Tuesday, April 22, 2014

First GSOC Post

This is my first blog entry--I'll be be making weekly posts over the summer to explain what I'm doing as part of the program, what I've accomplished so far, whatever problems I might run into, etc.

In case you're unaware, Google Summer of Code is an international program in which Google awards monetary stipends to student developers who work on tasks for open-source organizations over the course of the summer. I applied as a student developer for two organizations under the umbrella of the Python Software Foundation: AstroPy and SunPy. These projects are both Python software libraries intended for scientific use; their main difference is that AstroPy is intended for astronomy and SunPy is specifically intended for solar physics, but there is a large degree of collaboration between the two. My proposal for AstroPy was accepted under the program, but I'd still love to continue contributing to SunPy whenever I have the chance!

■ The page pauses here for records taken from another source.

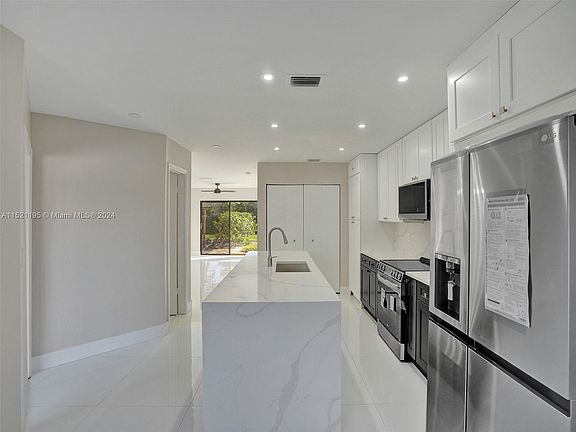 5th image of 180 NE 17th Ct APT 906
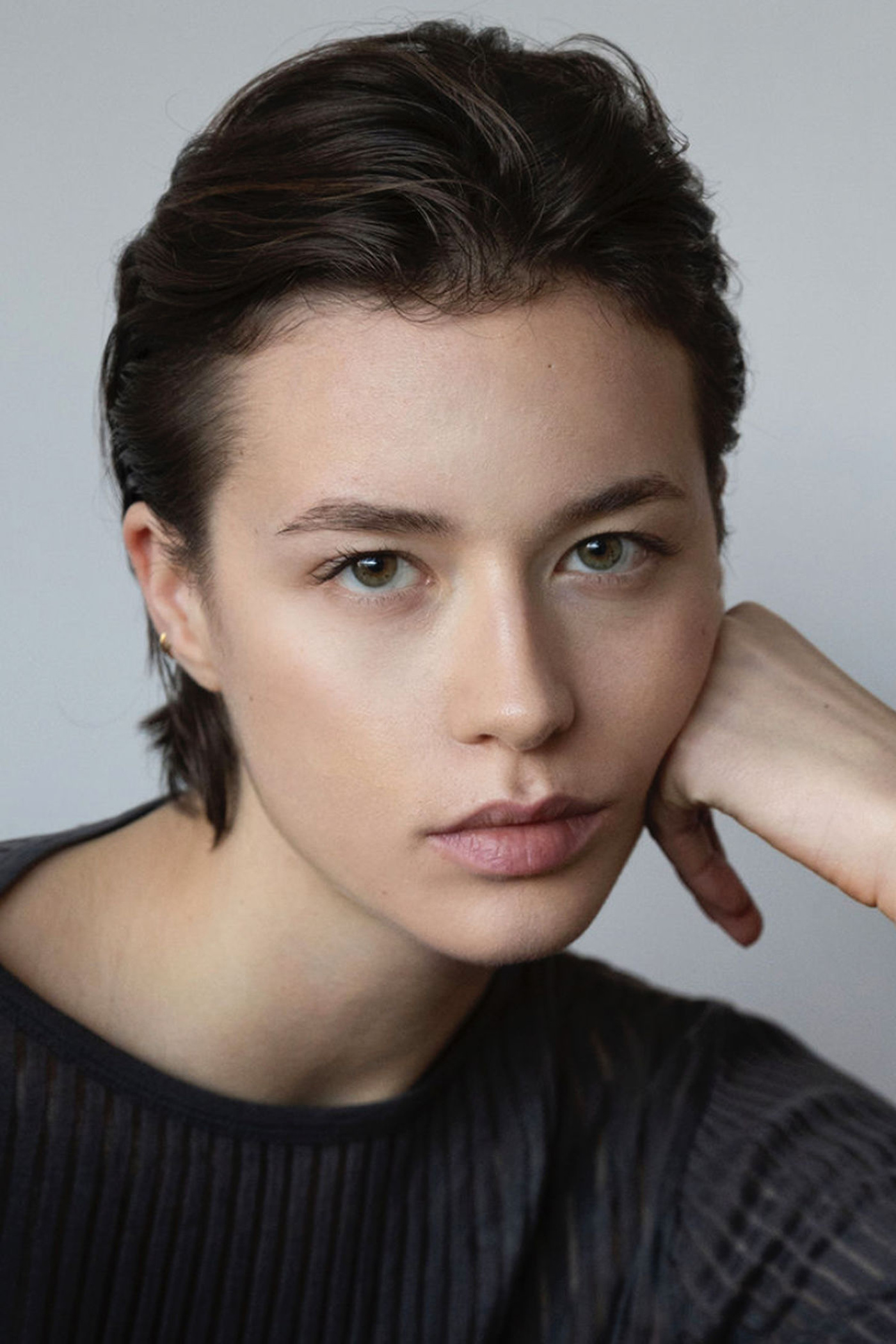 TESS VAN DE BLEEK - Crystal Model Management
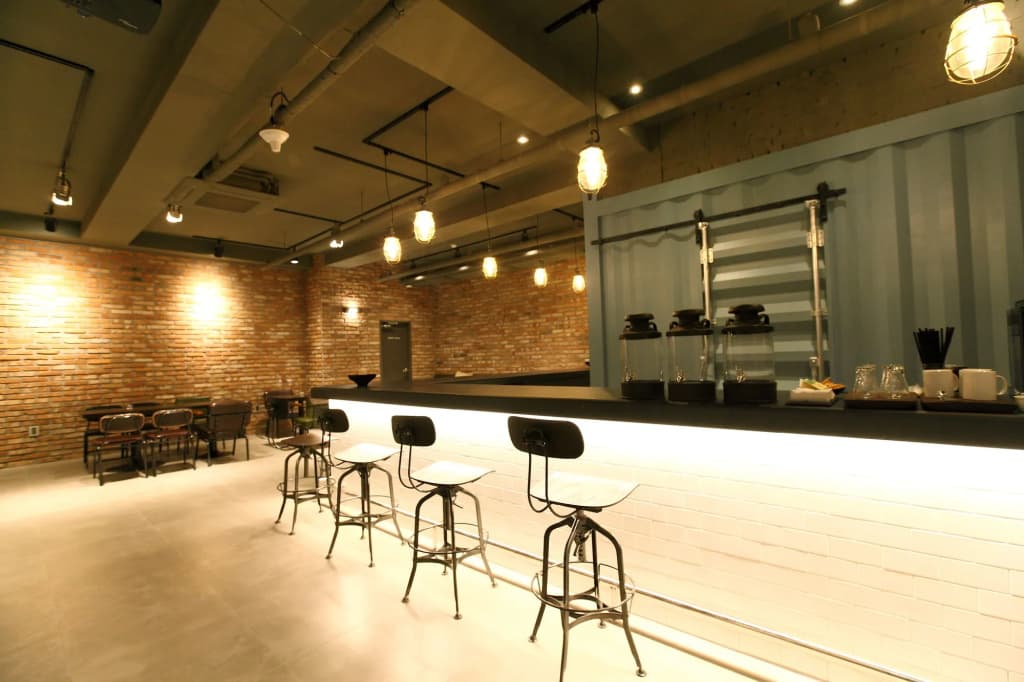 Bricks Hotel - photo 18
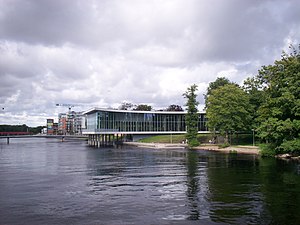 Biblioteket med en del av Kapsylparken i förgrunden.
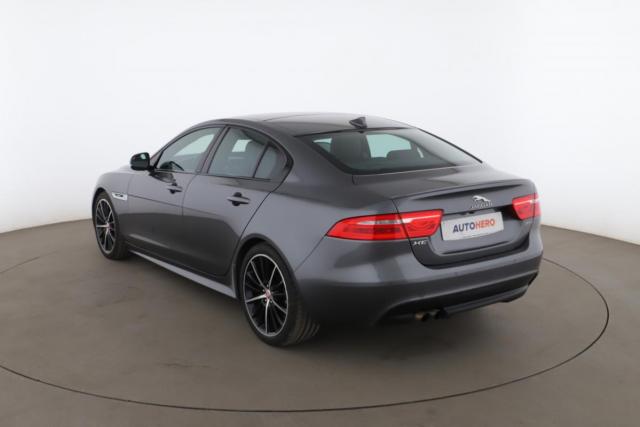 Jaguar Xe image 3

My project over the summer will deal with the astropy.io.ascii package of AstroPy, which contains support for reading and writing astronomical data to/from a number of text-based file formats. This package was originally designed with simplicity and flexibility in mind, which facilitates easier development, but this flexibility often comes at the expense of parsing performance. Some of these formats are relatively simple (like CSV, for example) and current parsing takes way too long for large input files, so it would be helpful to have an optimized parser and writer for these formats.

Another possible strategy for increasing the performance of astropy.io.ascii is to use memory mapping, which would allow for both faster parsing and more efficient memory usage. The package astropy.io.fits, which implements reading and writing for FITS (Flexible Image Transport System) files, currently uses this technique. One of my project mentors, Tom Aldcroft, mentioned that using memory mapping might turn out to be implausible for variable-length ASCII files, so I guess we'll have to figure that out over the summer after examining AstroPy's FITS memory mapping in further detail.

So in conclusion, my general plan is as follows:
  1. Write benchmarks to test out the current performance of astropy.io.ascii and relevant parts of AstroPy's Table class.
  2. Examine the ASCII parsing algorithms in the Pandas data analysis library to determine whether these can be adapted for use in AstroPy; if not, I plan to implement my own efficient parsing strategy based on Pandas' approach.
  3. Look for further performance bottlenecks and fix any I can find.
  4. See if I'll be able to implement memory mapping for ASCII files.
  5. If I have enough time, work on general performance enhancement for AstroPy across the board.
I'll be using Cython, a performance-improving superset of Python which allows for C-esque features like static typing, as well as the benchmarking and profiling tools asv and line_profiler throughout the project. The coding period begins on May 19th, so until then I'll be playing around with Cython and Pandas. I'm looking forward to the summer!